Symbol	Type	Description
\(\vec{X}\)	Random vector	A vector of jointly distributed random variables \(\vec{X} = [X_1, X_2, \ldots, X_p]^T\)
\(\mathrm{E}[\vec{X}]\)	Vector	Expectation of the random vector \(\vec{X}\)
\(\vec{\mu}_{\vec{X}}\), \(\vec{\mu}\)	Vector	Alternative notation for the expectation \(\mathrm{E}[\vec{X}]\)
\(\operatorname{Var}(\vec{X})\)	Matrix	Variance-covariance matrix (or simply covariance matrix) of \(\vec{X}\)
\(\Sigma_{\vec{X}}\), \(\Sigma\), \(\operatorname{Cov}(\vec{X})\)	Matrix	Alternative notations for the variance-covariance matrix
\(\operatorname{Cov}(\vec{X}, \vec{Y})\)	Matrix	Covariance matrix between two random vectors \(\vec{X}\) and \(\vec{Y}\)
\(A \vec{X}\)	Linear transformation	Transformation of the random vector \(\vec{X}\) by a \(k \times p\) matrix \(A\)
\(\operatorname{Cov}\left(X_i, Y_j\right)\)	Scalar	Covariance between the \(i\)-th component of \(\vec{X}\) and the \(j\)-th component of \(\vec{Y}\)
\(\left[\mathrm{E}[\vec{X}]\right]\)	Column vector	Expectation of the random vector \(\vec{X}\) expressed as a column matrix
\(\mathrm{E}[\vec{X} \vec{Y}^T]\)	Matrix	Matrix of expected pairwise products between components of \(\vec{X}\) and \(\vec{Y}\)
\(X_1, X_2, \ldots, X_p\)	Random variables	Components of the random vector \(\vec{X}\)

Distinction: Variance-Covariance Matrix vs.

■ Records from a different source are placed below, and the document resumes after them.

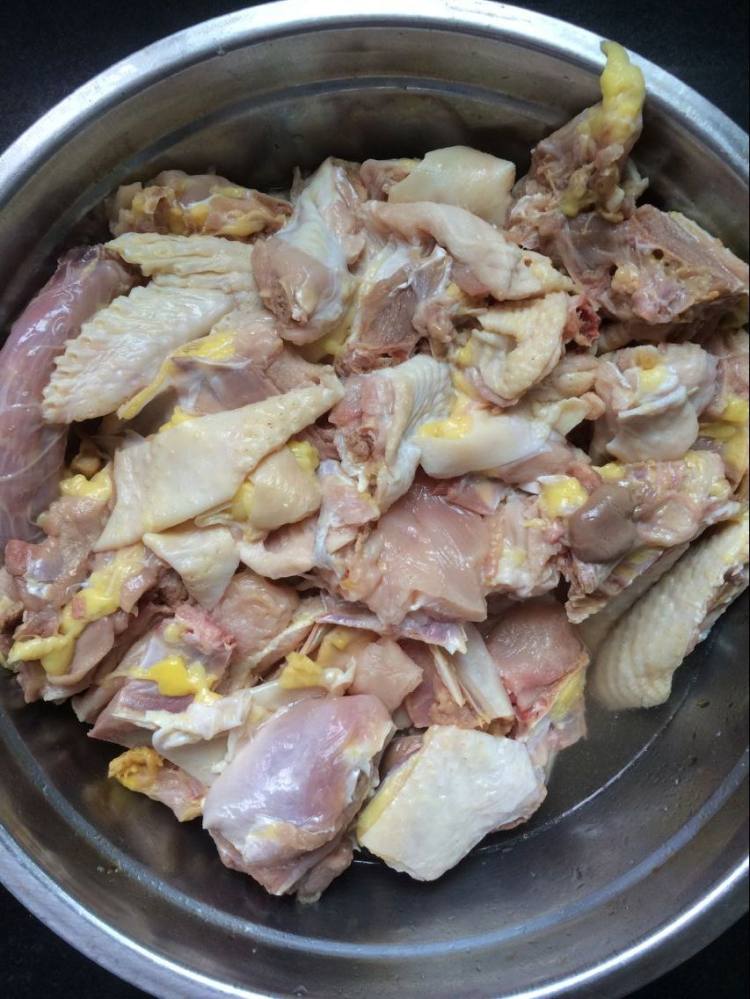 香菇炖鸡步骤1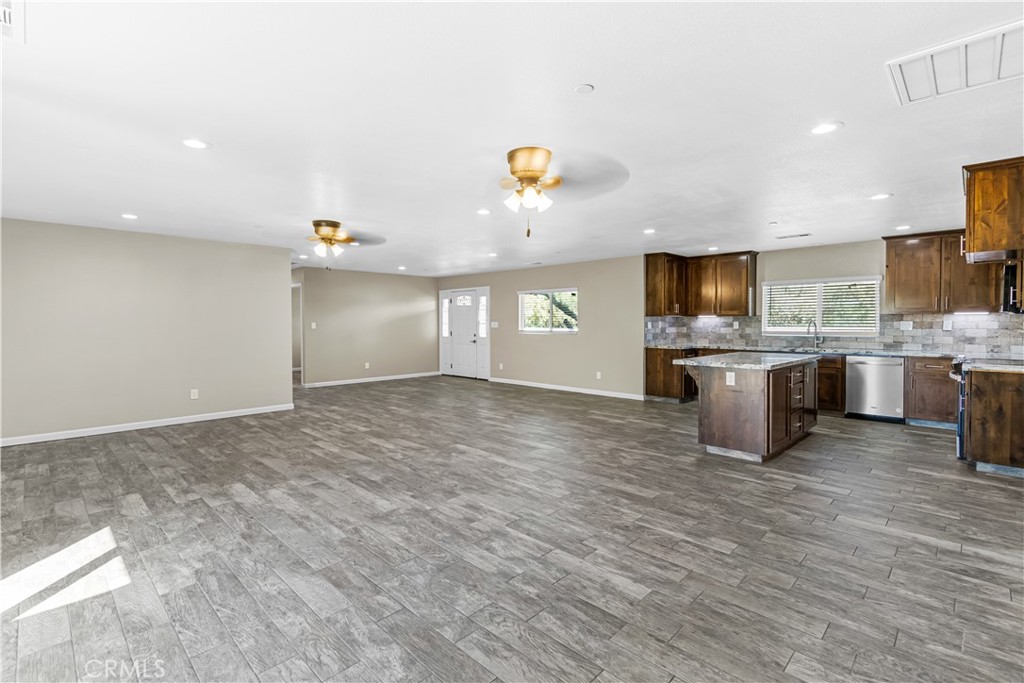 6143 Olive Ave, Winton, CA 95388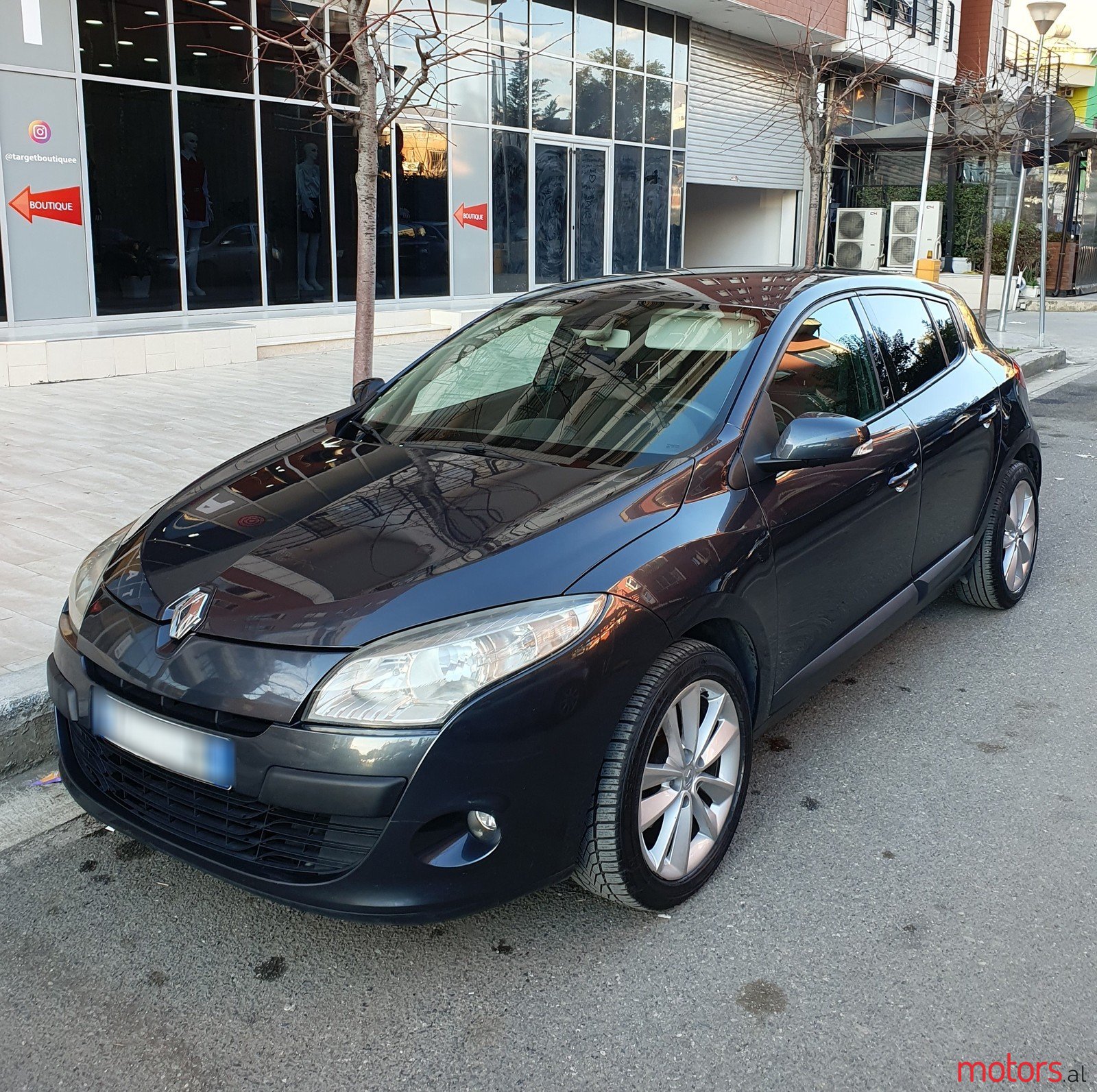 2009' Renault Megane photo #1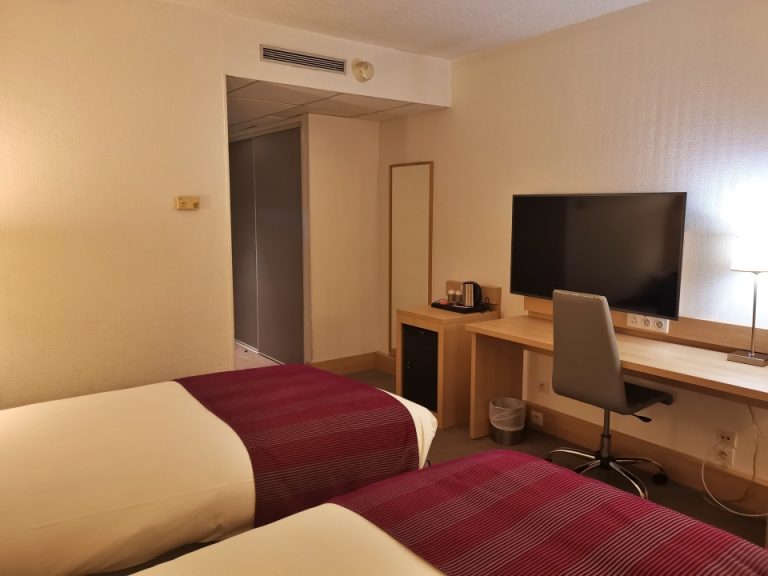 客室全体(窓際から)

Covariance Matrix:

The terms variance-covariance matrix and covariance matrix are often used interchangeably in many contexts, but they can have subtle distinctions depending on the scenario:

Variance-Covariance Matrix: Refers specifically to the covariance matrix of a single random vector.
Covariance Matrix: A more general term that applies to the covariance between two random vectors.

Abbreviations

Abbreviation	Description
r.v.	Random variable

Notation

The expected value of a random vector \(\vec{X}\) is often denoted by \(\mathrm{E}(\vec{X})\), \(\mathrm{E}[\vec{X}]\), \(\mathrm{E} \vec{X}\), with E also often stylized as \(\mathrm{E}\) or \(E\), or symbolically as \(\vec{\mu}_{\vec{X}}\) or simply \(\vec{\mu}\).
The variance of random vector \(\vec{X}\) is typically designated as \(\operatorname{Var}(\vec{X})\), or sometimes as \(\operatorname{Cov}(\vec{X})\). Since the variance is a variance-covariance matrix, it's also denoted as \(\Sigma_{\vec{X}}\) or \(\Sigma\). The element at i-th row j-th column is \(\Sigma_{ij}\)
The covariance of two random vectors \(\vec{X}\) and \(\vec{Y}\) is typically designated as \(\operatorname{Cov}(\vec{X}, \vec{Y})\). Since the covariance is a variance-covariance matrix, it's also denoted as \(\Sigma_{(\vec{X}, \vec{Y})}\).

Abbrevations

Definition

Definition: A random vector \(\vec{X}\) is a vector \[ \vec{X}=\left[\begin{array}{c} X_1 \\ X_2 \\ \cdot \\ \cdot \\ X_p \end{array}\right] \] of jointly distributed random variables \(X_1, \cdots, X_p\). As is customary in linear algebra, we will write vectors as column matrices whenever convenient.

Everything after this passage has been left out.